El propio interventor aseguró que en marzo podría estar funcionando una de las turbinas de la usina, mientras que uno de sus propios técnicos asesores había manifestado, que en realidad el mes de inicio sería diciembre. Lo cierto es que según consignaron las fuentes, hoy la empresa Isolux Corsand no firmaría ningún contrato, y la obra podría quedar inconclusa por lo menos hasta la obtención de nuevas licitaciones o que finalmente haya un acuerdo entre el Estado Nacional y la empresa. “Se haría cargo ENARSA, quien se encargaría de subcontratar Empresas que trabajen con ese tipo de tecnología”, indicaron fuentes gremiales.

Toneladas y sueldos

Finalmente vale decir, uno de los anuncios realizados por la empresa hace escasos días estuvo vinculado al envió 320 toneladas de carbón a Loyola para comercializar. Desde la localidad salió un tren con 28 vagones, transportando carbón fino, plataformas para traslado de materiales, y bigbags para el embolsado de caliza.

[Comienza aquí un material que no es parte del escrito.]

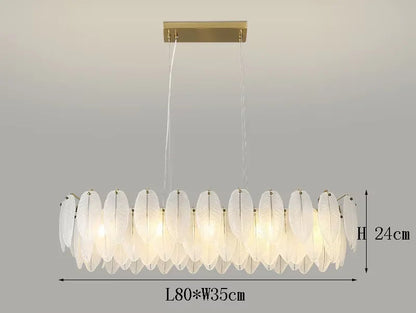 Lustre Plumes En Verre Blanc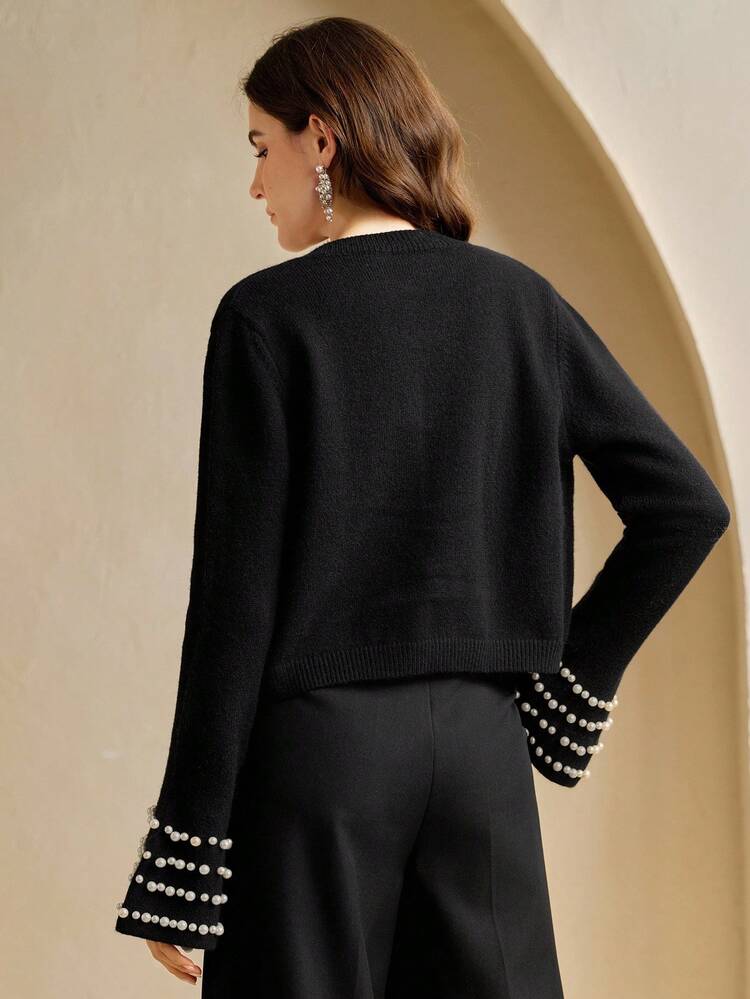 Women's Beaded Embroidered Long Sleeve Single-Breasted Cardigan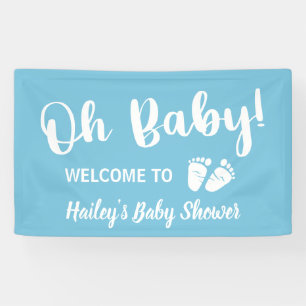 Welkom Baby shower Oh Baby Blue Spandoek
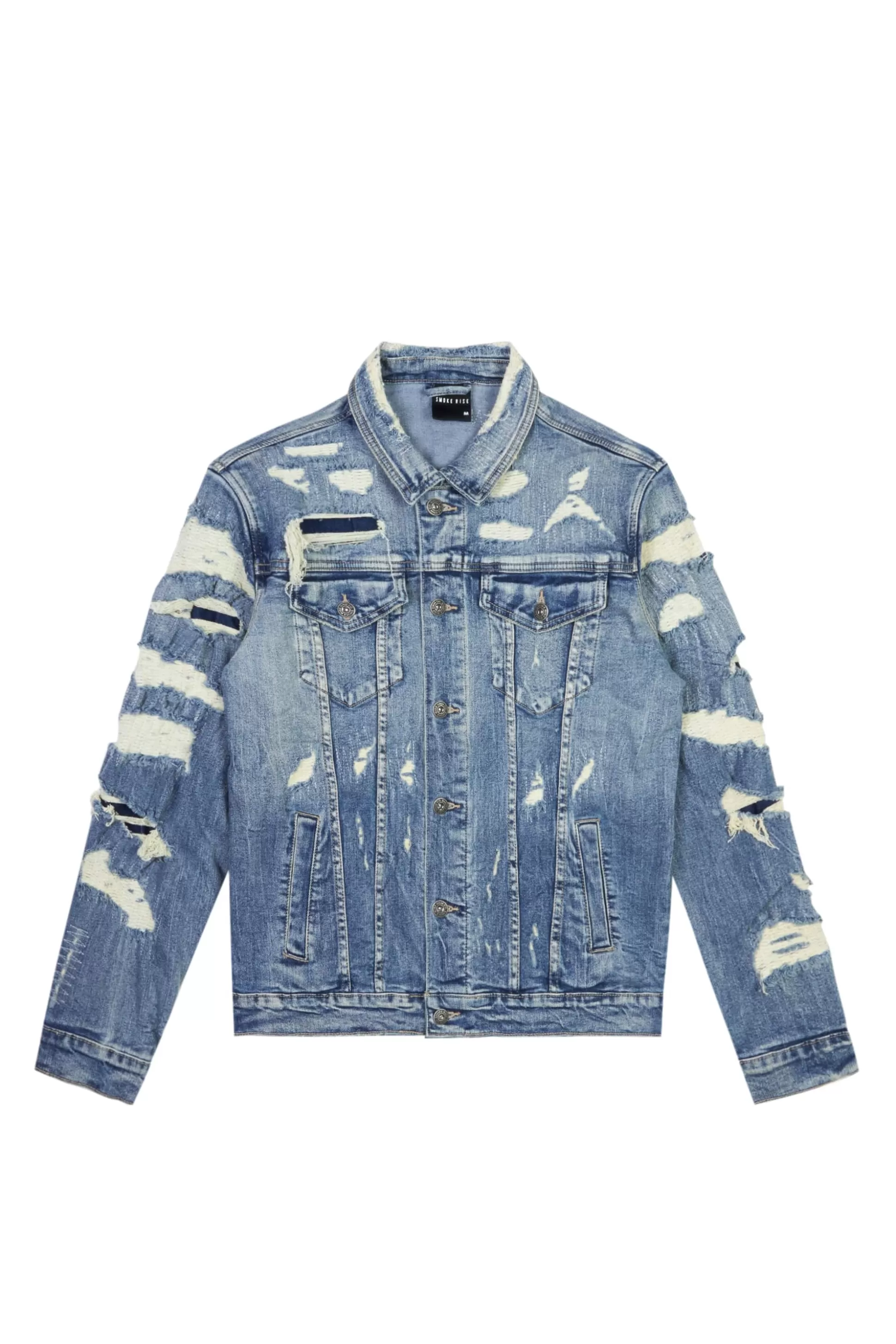 Smoke Rise Overspray Utility Denim Jacket Aspen Blue Store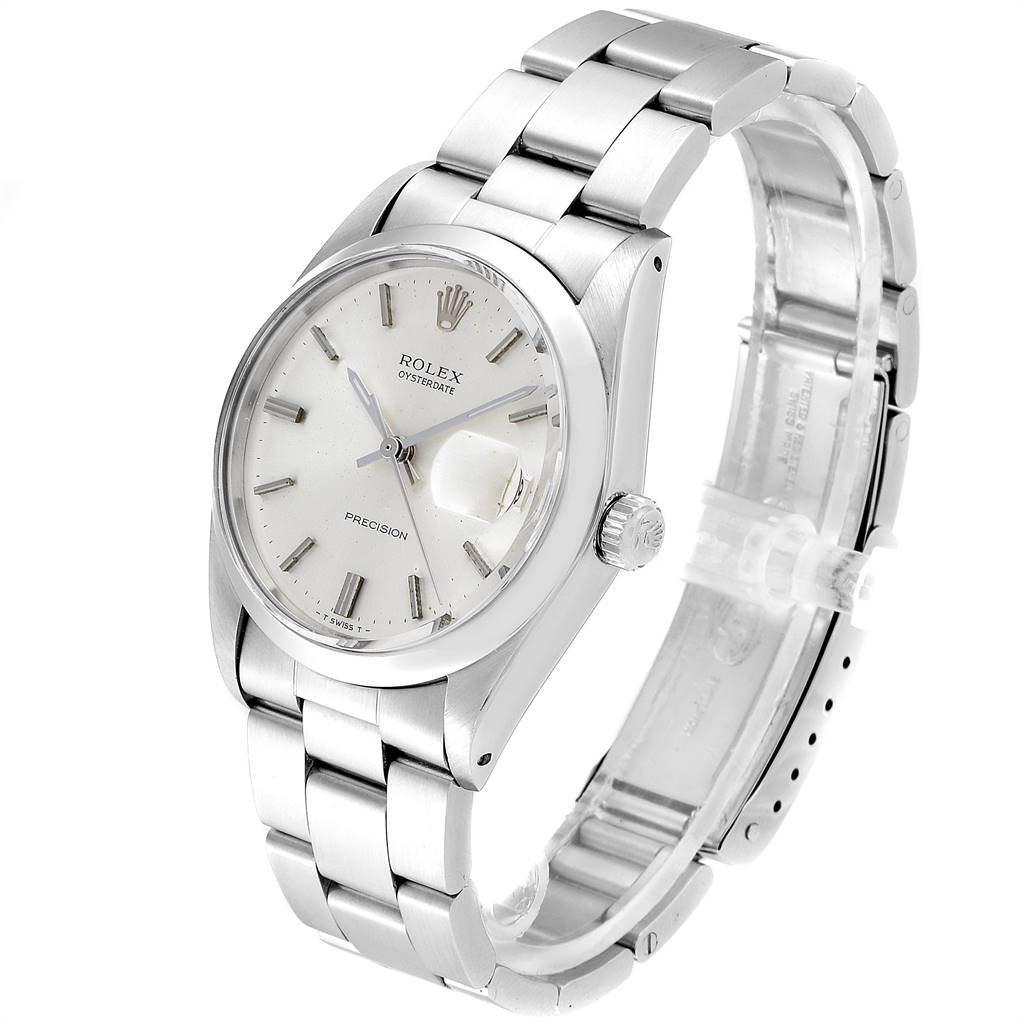 The Rolex Vintage Collection 6694 Men
s Stainless Steel Silver Dial 6694 Men
s Stainless Steel Silver Dial model watch is shown at a left-side angle, displaying the face, bezel, bracelet, and crown.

No obstante, según indicaron antiguos trabajadores a este medio, “se trata de venta de carbón al menudeo, van camiones de Santa fe, compran para reemplazar el gas que sale más caro, son para hornos de fábricas de ladrillos, cerámicos, etc” en este sentido las trescientos veinte toneladas son unos 15 camiones. En este marco, “el año pasado se vendió carbón por algo más del millón de pesos, pero con eso a penas pagas los sueldos de los gerentes, con ello engañan a la opinión pública“.

El sueño de generaciones y generaciones de mineros, sobre producir energía con carbón parece dormido entre decisiones sin certezas y amagues del Gobierno Nacional, mientras el tiempo se transforma en un testigo clave, debido a la tendencia del actual Gobierno a quitar y ajustar empresas que no sean redituables alcanza estructuras como las de YCRT, en la que mensualmente el Gobierno Nacional debe pagar millones para sueldos, y que por lo tanto se aleja radicalmente de las ideas liberales de este modelo económico que intenta imponerse en el país.